By W. Sherman
At about 4:00pm yesterday, I sat down at the Village Bean, a coffee shop in Des Moines’ East Village, to type up this point. Reading the Wall Street Journal, this is what I learned that Congress had reached an agreement on what is now, the infamous bail-out. I learned that Treasury would get $250 billion immediately, and an additional $100 billion if necessary. I learned that the Treasury would get the remaining $350 billion upon Congressional approval. Finally, I learned that companies receiving these funds would be forced a host of provisions, including restrictions on executive compensation and allowing the federal government to take an equity interest in such companies.
And then things blew up.
The Journal reports that throughout the day, Congressional Republicans devised a plan that would create a government-sponsored insurance program for mortgage-backed securities. Under the plan, banks would pay a premium to the Treasury Department to insure the investments. Additionally, Senator Richard Shelby, an Alabama Republican, proposed allowing the Treasury to make loans to the banks, rather than buying up the bad debt on the banks’ books.
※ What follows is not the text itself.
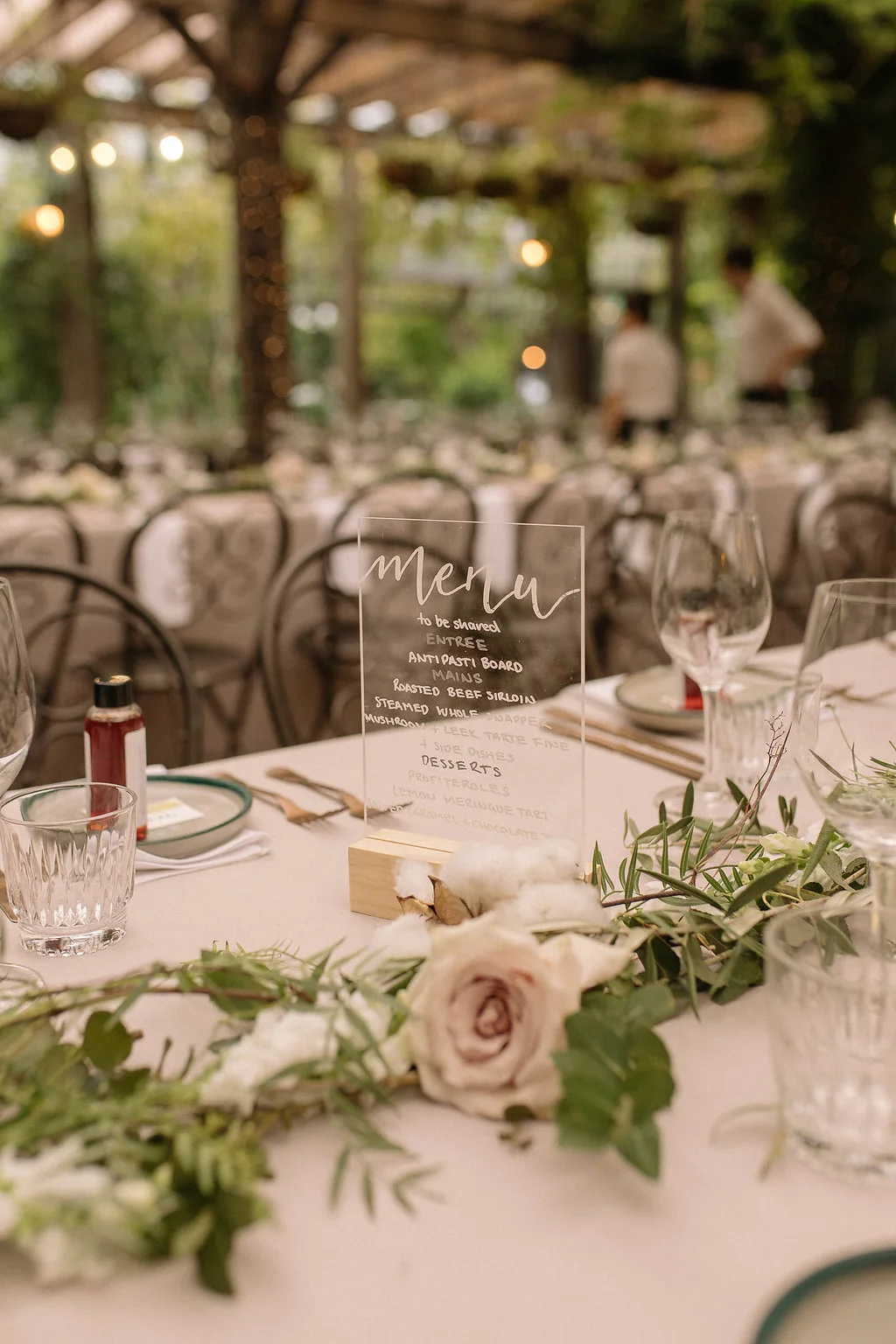 Ariane+Joel-Preview-82.jpg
Like many conservatives, I believe that House Republicans were right to oppose this bail-out. First, the government is freeing these failed banks from owning up to their bad decisions, by putting the taxpayers on the hook for the losses. As Steve Chapman stated in his Chicago Tribune column, the plan “nationaliz[es] the money-losing part of the financial sector, to the benefit of capitalists who have made spectacularly bad decisions—fostering more bad decisions in the future.”
Second, the bail-out will put too much discretion in the hands of the government. John Paulson, in his column in today’s Wall Street Journal, poses shows that the bail-out leaves unresolved the questions of who will receive the taxpayer subsidies and at what price.
Third, accepting the bail-out means accepting legislation packed with tons of election-year gimmicks. The most widely reported gimmick, of course, is the cap on executive compensation. Regardless of what one may think regarding the reasonableness of CEO pay in this country, the government should not be setting the compensation of executives in private companies. Additionally, as Charles Krauthammer states in his column, “artificially capping the pay of people brought in to lead these wobbly companies back to health is a fine way to tell talented executives to look elsewhere for a job.”
During 2008, we have seen several investment banks, their insurer (AIG), and two mortgage giants fall. For all of their financial woes, an injection of $700 billion in taxpayer funds is not warranted. When banks make bad decisions, they need to take responsibility for those decisions—even during election years.